I ran into the Vice Principal as I had hoped, and showed me where to go and introduced me to the teacher for today’s class. The Vice Principal asked if I had free time in the afternoon, and I knew what was coming. The next thing I knew I was committed to having lunch with the Principal.  Not the man standing in front of me, but his boss.  I don’t know what it is with these guys.  The Vice Principal speaks at least a little English, but doesn’t go to lunch with me. The main Principal speaks nearly no English, but always wants to have lunch with me. Go figure! 

 

Anyway, the teacher for today’s new class seemed nice, but had very little to say.  I have found that most of the English teachers in Fukuyama are very shy about speaking English to me, and this is for reasons I have explained in the past. Their accent is very heavy, and I think it embarrasses them, not to mention they have a hard time understanding me as well. Teaching English grammar and vocabulary an actually speaking to a real live human American is not the same thing at all.

 

The 11:00 bell rang and I walked into the classroom.  This is a group of around 25 students, both boys and girls of around 15-16 years old. They’ll be going to Washington DC and New York City later in March, and this week is set aside so that I can teach them about what they will do and need to know.  They’ll also get the benefit of listening practice to an American before getting off the plane. I think it’s a good idea and really good timing for them.  The teacher for this class left the room after the first couple of minutes and never came back; I guess he figured the class was going to behave and wanted to let me do my thing. Good; I vastly prefer doing it on my own.

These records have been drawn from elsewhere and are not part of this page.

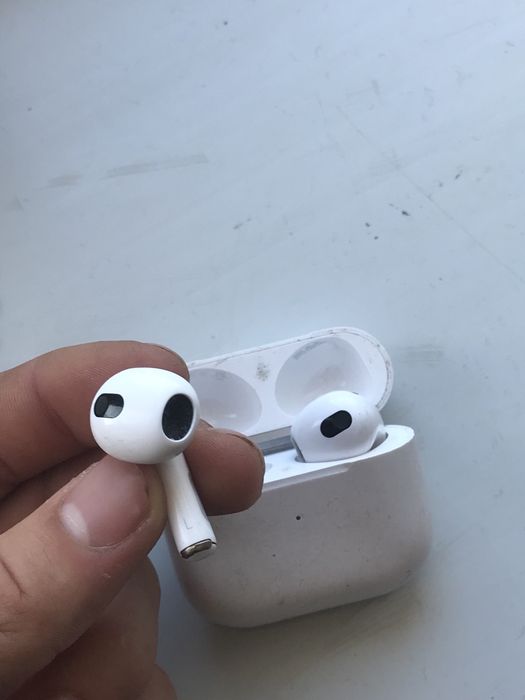 Әртүрлі заттар бар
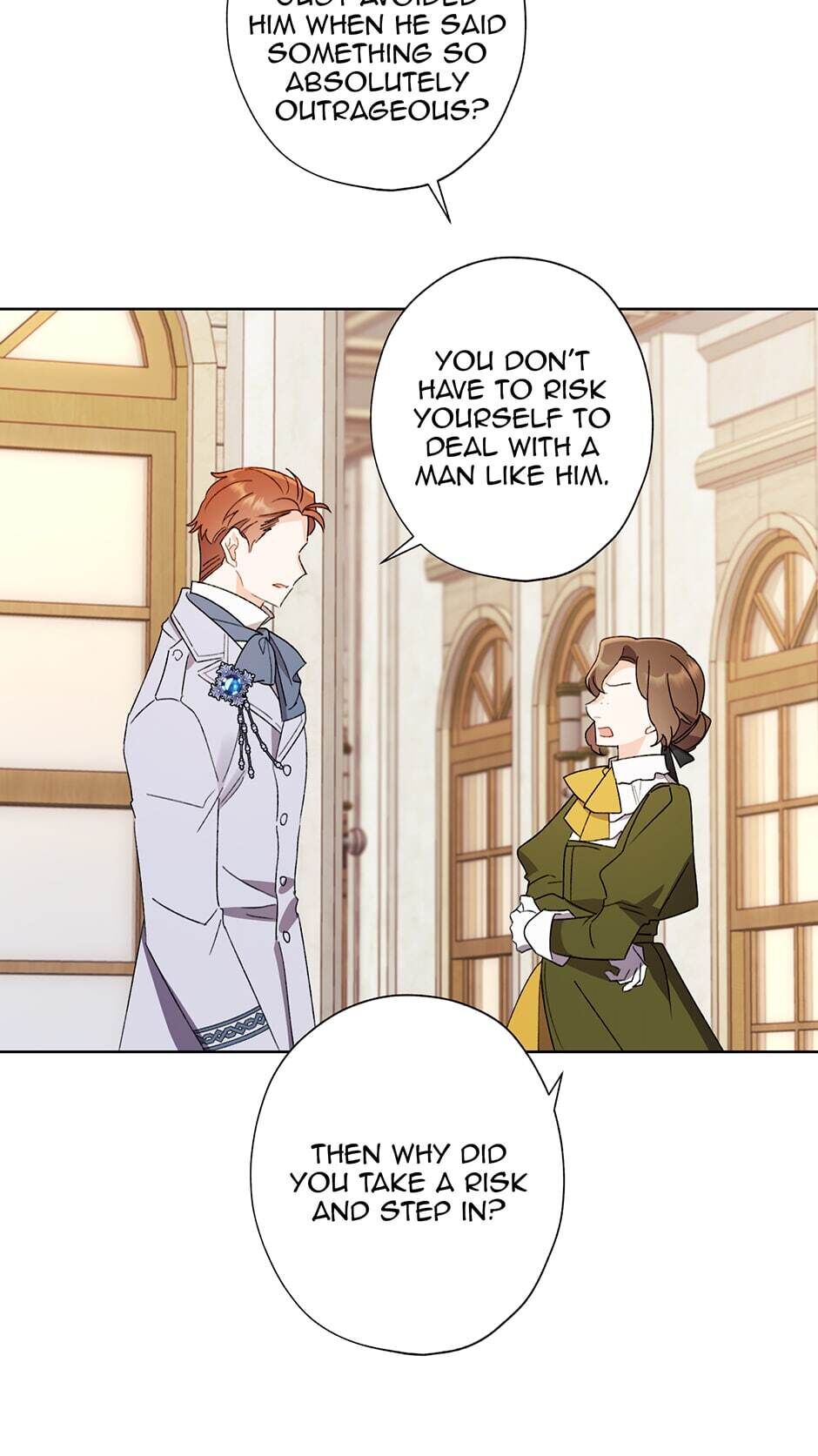 A Wicked Tale of Cinderella's Stepmom chapter 48 - page 47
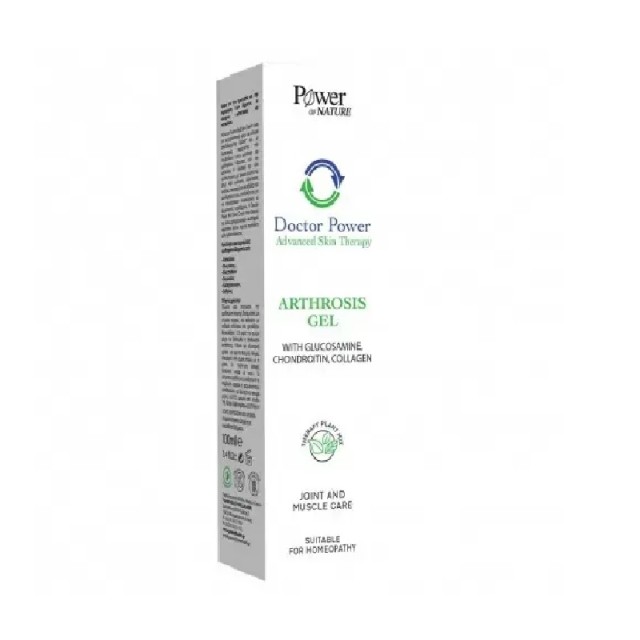 Power of Nature Doctor Power Arthrosis Gel 100ml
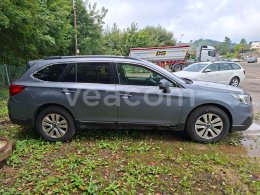 Online aukce: SUBARU  LEGACY OUTBACK 4X4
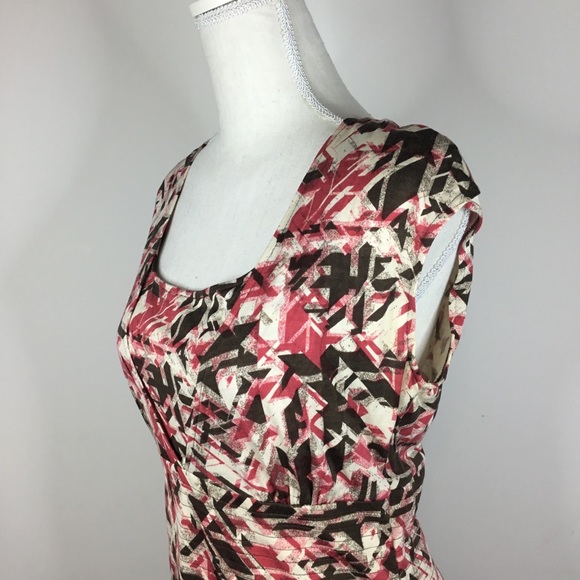 Classiques Entier patterned dress - Picture 5 of 8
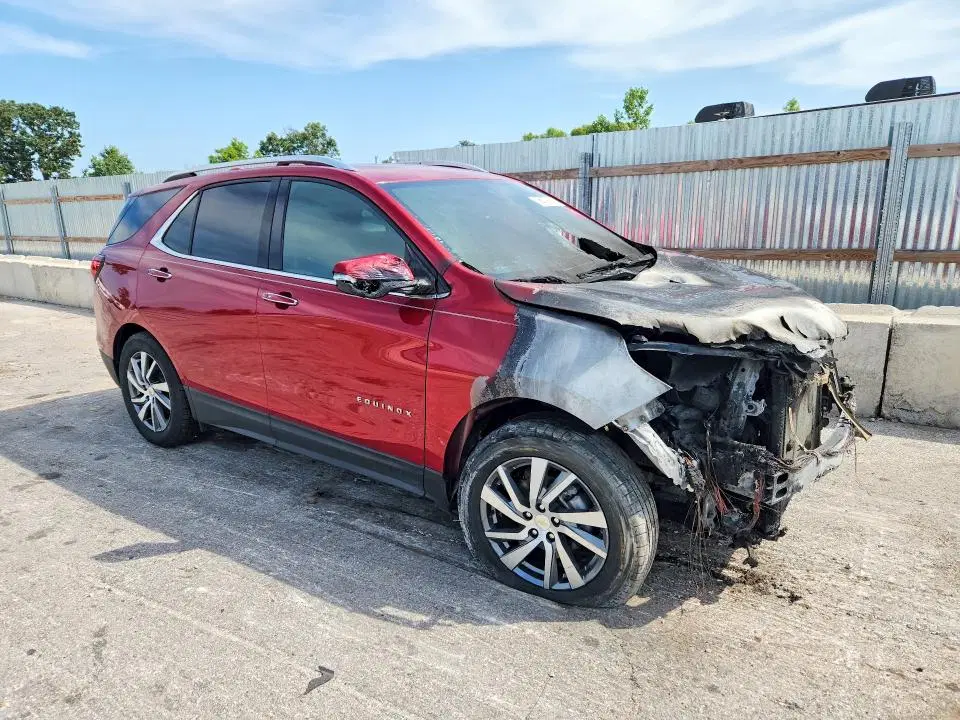 2024 CHEVROLET EQUINOX VIN 3GNAXNEG5RL214752 фото 3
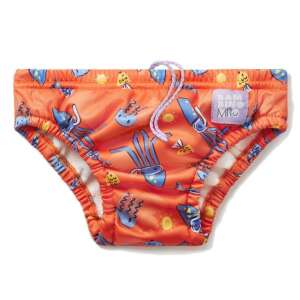 Bambino Mio úszópelenka 1-2 éveseknek Bubbles mintával - Pelenkázás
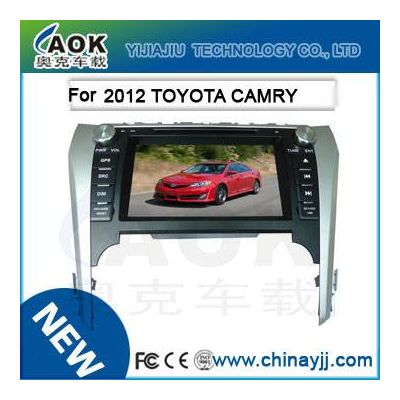 car dvd player special for Toyota Camery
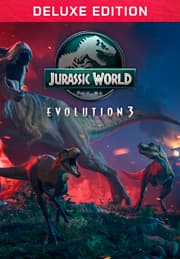 Jurassic World Evolution 3: Deluxe Edition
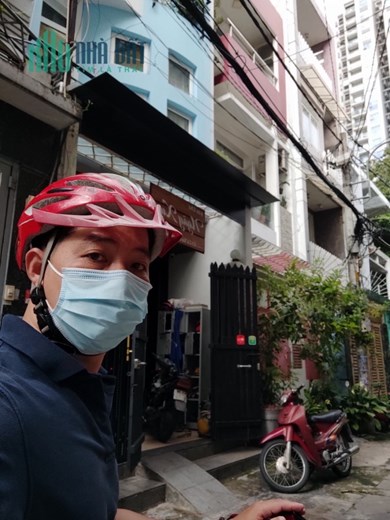 Bán nhà Quận 10, Khu Vip Thành Thái, 75m2 ngang hơn 8m chính chủ lâu năm, nhỉnh 11 tỷ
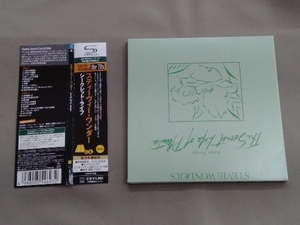 スティーヴィー・ワンダー CD シークレット・ライフ(紙ジャケット仕様)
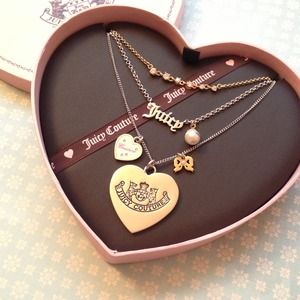 Triple Chain Necklace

 Victory? Do They Know Something I Don’t? 

I very briefly introduced myself, since I have all week to talk about me, I didn’t get into that very much yet. I asked them if they had any questions, and as usual, the room was pretty quiet. I have learned a trick or two though, and had an ice-breaking activity ready to go.  I handed out little slips of paper and had them write anonymous questions on the slips of paper; tha’s right it’s the same activity we did way back with “my” exchange students. It worked then, and it worked pretty well now too. In the span of five minutes, I had a stack of 25 questions to answer.  It was the usual stuff like “how old are you,” “Do you have a girlfriend in Japan,” “What is you favorite food” and so on.  There were a couple of on=topic questions like, “How long will it take to fly to America.” There were even a couple of unexpectedly strange ones like “The time is ripe for victory!”  Huh?  That might be something up there with “All your base are belong to us.” Heh-heh.

 

And then the ice was broken and they seemed more comfortable talking once they got to ask their questions. I told them to think of more questions for tomorrow, and now that they know the procedure they hopefully will ask more on-topic things then. So that was the first half of the 50-minute class.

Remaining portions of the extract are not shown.